I agreed to do it.  After all, it would be good for me too.  One bible story gave me reassurance:  When Moses believed that God was calling him to be his mouthpiece to the Israelites, he replied, “But my Lord, never in my life have I been a man of eloquence, either before or since you have spoken to your servant. I am a slow speaker and not able to speak well” (Exodus 4:10).  But God’s call was relentless and, I told myself, “Look at the good that Moses did!”

God may be able to speak through anyone, but I am not sure her message got through the day I preached to a small congregation in rural Kentucky.  I didn’t keep a copy of the sermon, but I recollect that it had to do with something about the feminine side of God.  I still feel embarrassed for those people in the congregation, who were extremely gracious.  How they must have suffered through that sermon.  I certainly did.

So, no, I could never be a lawyer.

Violence Against Women

My interest in women’s issues deepened in seminary.  Giving voice to women and their needs was a cause that resonated with me.  I was born into a world surrounded by women: Mama, Grandmama and Aunt Mable, who was my Grandmama’s sister and my anointed Godmother.   My Dad wasn’t there; he was stationed in England with the Air Force at the time.  He and I did not meet until I was a year old, a fact that probably explains why he never really took to me.   He and Mama separated when I was four.

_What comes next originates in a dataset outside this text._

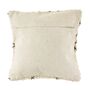 Berber Style Patterned Cushion, thumbnail 3 of 3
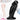 13.38in Real Looking Super Long Big Black Thick Dildo Sex Toy For Women Dildos Hub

In seminary, my service gravitated towards helping women and children. I spent one summer volunteering at a battered women’s safe house in southwest Atlanta, a poor, primarily African-American community.  Seven hours from my husband, with no car, I lived in the house and was on duty 24/7 most days of the week.

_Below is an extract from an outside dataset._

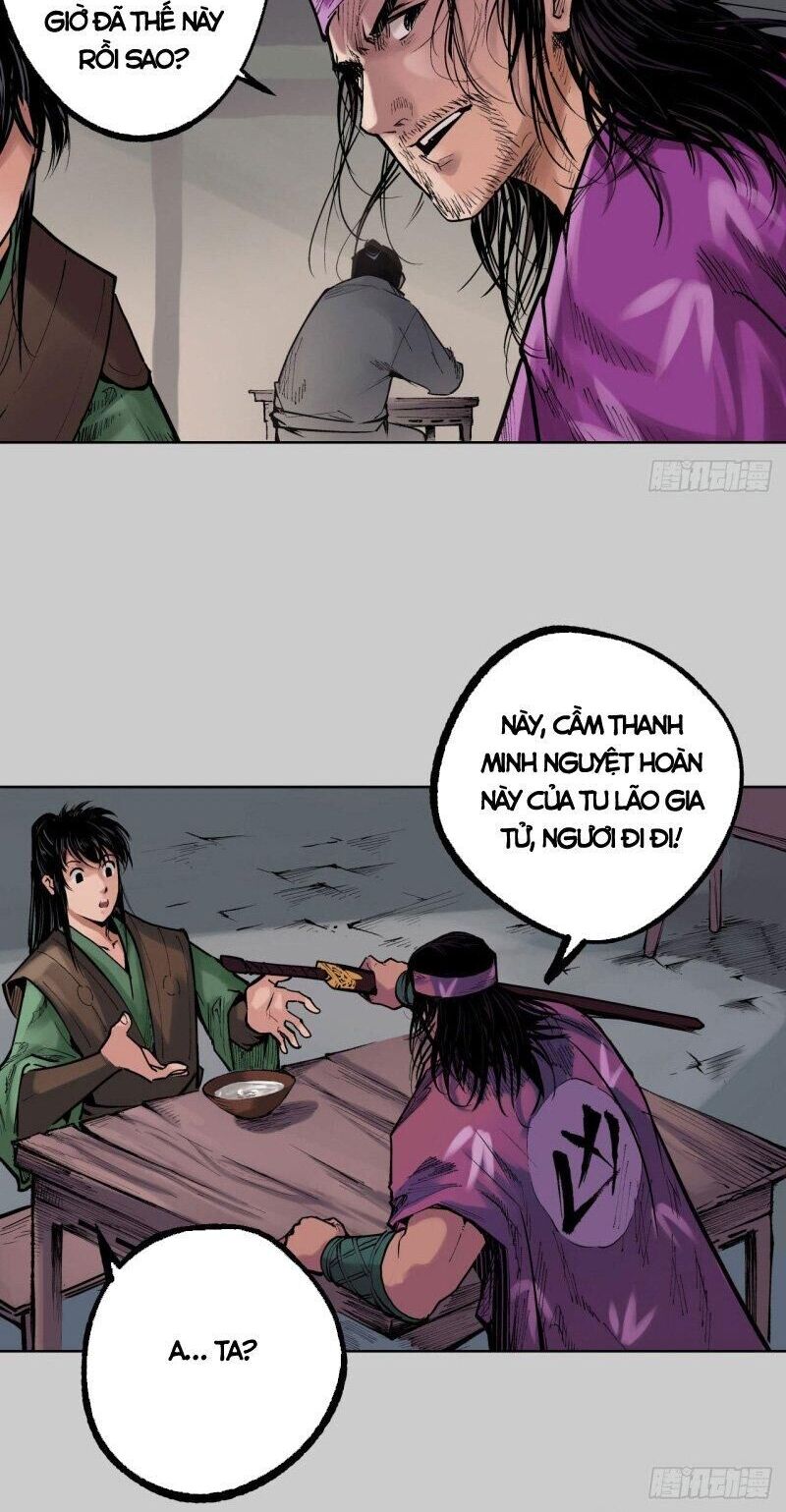 Tạng Phong Hành Chap 78 - Next Chap 79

Most, but not all, of the women who came to the house were African-American, and most had children in tow.  Upon their arrival, we would show them around the house and make them comfortable.  The house would be their home until they made arrangements to go somewhere else safe.

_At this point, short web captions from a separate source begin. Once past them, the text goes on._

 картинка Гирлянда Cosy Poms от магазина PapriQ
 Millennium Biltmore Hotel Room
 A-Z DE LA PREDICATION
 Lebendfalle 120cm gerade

I had never before listened to victims of violence.  My service stints in college were to happy places – conference centers, summer camp, even the World’s Fair in Knoxville, TN.  I had interned once as a hospital chaplain, which was not the happiest place on earth, but the only fallout from violence I saw there was a vial of gallstones an old man proudly showed me.

Living in the safe-house, I quickly came to appreciate just how vulnerable women of limited means trapped in a patriarchal world of limited expectations are.  I feared for them and their children, who were hungry for positive attention but didn’t always know how to obtain it appropriately.  One night, one of the little girls in the house set a couch on fire.  I stood in disbelief staring at the blackened and charred bedroom as I learned that setting fires was a habit of hers.

When I returned to seminary, I began volunteering at the local rape crisis center.   I was on-call just a few nights a month.  If called, I was required to rush to the hospital to meet a rape victim and accompany her through the process.  Or, if lucky, the call would be from a victim who was having a hard time coping and just wanted to talk.

A couple of times my phone rang in the middle of the night – a woman had been raped.  Now, I have always been really good in a crisis, particularly when focused on helping someone else through it.  However, on these nights, I felt like a firefighter running into a burning building.  A woman has been raped, now you woman rush out into the dark night, get into your car and drive to the hospital parking garage, get out of your car and go into the hospital.  I had to fight the instinct to double check the locks on the doors and go back to bed where it was safe.